I first encountered plugin architecture in Tachiyomi/Mihon, a manga reader container that provides content through plugins as manga sources. Later, when using fcitx-android, I saw plugin functionality implemented again.
Although I’m not an Android developer, I’ve always been curious about this design. When implementing Kime, I realized that predictive text models, speech-to-text functionality, and emoji features should be diverse. For example, for predictive text, I needed to add my own chat logs to the dataset; speech-to-text might require different ASR models; and emoji packages vary from person to person.
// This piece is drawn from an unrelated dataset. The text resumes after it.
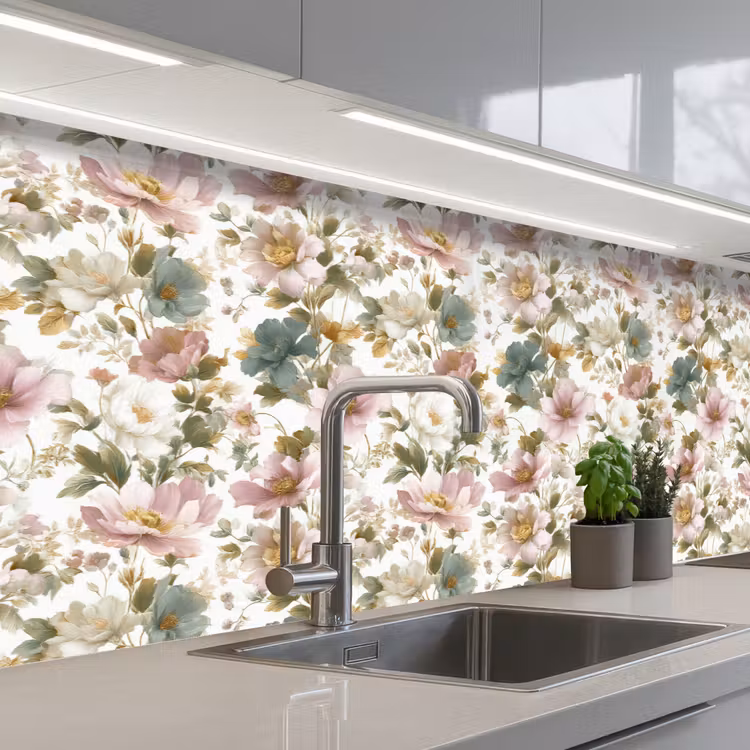 Bloemen - Patroon - Pastel keuken achterwand 2 groot 857 -3d_schuin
This was the perfect opportunity for me to experiment with plugin architecture.
Research
I researched the plugin systems of both fcitx-android and Mihon.
In fact, I prioritized fcitx-android as a reference because, being an input method as well, I thought it would be simple, right?
It wasn’t.
Here’s a brief overview of Android plugin implementation: simply put, it’s classloader. Load plugin code through classloader; if there are resource packages, the host app’s assets management copies the resources over.
This is a conventional approach for same-process interaction. It’s more like an APK-disguised resource package than a plugin, as it has no lifecycle of its own.
There’s also a more complex cross-process communication approach where plugins have their own lifecycle, but I haven’t tried whether it’s feasible.
Due to permission issues, communication between two APKs has many, many restrictions, so what classloader can do is very limited.
Plugin Architecture Ideas
Mihon
Mihon (inherited from Tachiyomi) adopts a code-loading plugin architecture where extensions are essentially independently compiled APKs, dynamically loaded at runtime via DexClassLoader.
Fcitx5 Android
The Fcitx5 Android plugin system is relatively complex, with 2 types of plugins: data plugins and service plugins.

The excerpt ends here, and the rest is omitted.